The Thing About Writing... · 5:01am Sep 23rd, 2012

There are two components to a story - a what, and a how. In other words, the story you tell, and how you choose to tell it (or, often, how it tells you to tell it). An average writer tells a familiar story. A great writer tells a familiar story in a way you didn't know it could be told. A brilliant writer tells a story you've never heard before. Some people have no trouble with devices, and choose to simply seen new stories to tell with their device of choice. Others have an endless supply of stories to tell and use a single device to tell all of those stories. But writing, like any form of energy, wanes if used in excess. Readers don't want to hear the same story told over and over again, nor do they want to hear a thousand stories told the exact same way. The only way for an average writer to become a great writer is to have a bottomless supply of both concepts and methods. To be able to tell twenty different stories in twenty different ways. That is how the good become the great.

Report DavidReinold · 154 views ·
Comments ( 7 )

So... you just up and got a shot of inspiration for something out of the blue? Cool. :pinkiehappy:

And that's why I'm not a writer :moustache:

And this is why I can't write casually.

So the reason I'm ignored is because my ideas aren't fresh enough? My supply is limited mainly because I feel no one will care either way.

377618 People will care if you slow down and give it your all. You can't just whip out story after story (unless you're Stephen King... are you Stephen King?) You really have to put your back into it. Plan EVERYTHING. Lay it all out in an outline or a spreadsheet. Know EVERYTHING that needs to happen, and know how you're going to make it happen. People like the meticulous writers. That's why Background Pony became such a smashing hit - it was thorough. It left no room for criticism because shortskirtsandexplosions had thought of absolutely everything. Not only that, but the story of Background Pony is one that you can't quite be sure you've heard before, and that even if you HAVE heard it, you know for a fact you've never heard it told quite like that.

It's a simple issue of being able to justify the events of your story, and not being afraid to change an event if the facts of your story say it should be so. And most of all, as is the rule of performing arts, to start strong and end strong. To write the beginning and the end with your most powerful work, and then fill in the center with everything you need to get from point A to point B.

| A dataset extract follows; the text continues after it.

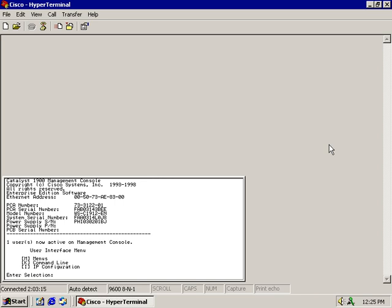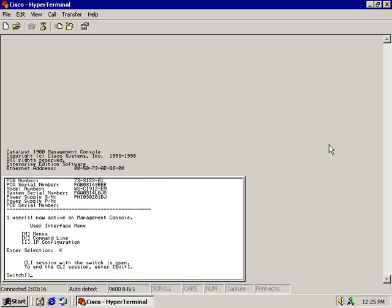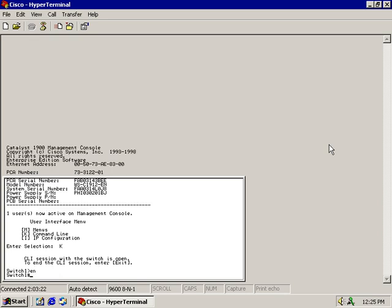So we're going to begin by hitting K, take me to the command line, and here I am inside of the user mode. Now I want to go to the executive privilege mode, type in EN for enable.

377618 Let me put it another way, possibly a simpler and more direct way...

The way YOU write stories... you seem to just treat them as something to pass the time. And that's fine! It's great to write for yourself. But if you're writing entirely for yourself, you can't always expect readers.

If you want readers, you can't just treat writing as a casual hobby. You have to care about the story as much as you want the reader to. You have to treat the story as a pet project, as something you really, deeply care about, not just as something to do while you're not delivering pizzas or newspapers. You need to write what you really feel and watch as your story evolves. If you don't like something in your story, you have to get angry at it, and above all, fix it. You have to pound your story into shape until you absolutely love it. You can't just call it good without really working your fingers to the bone on it.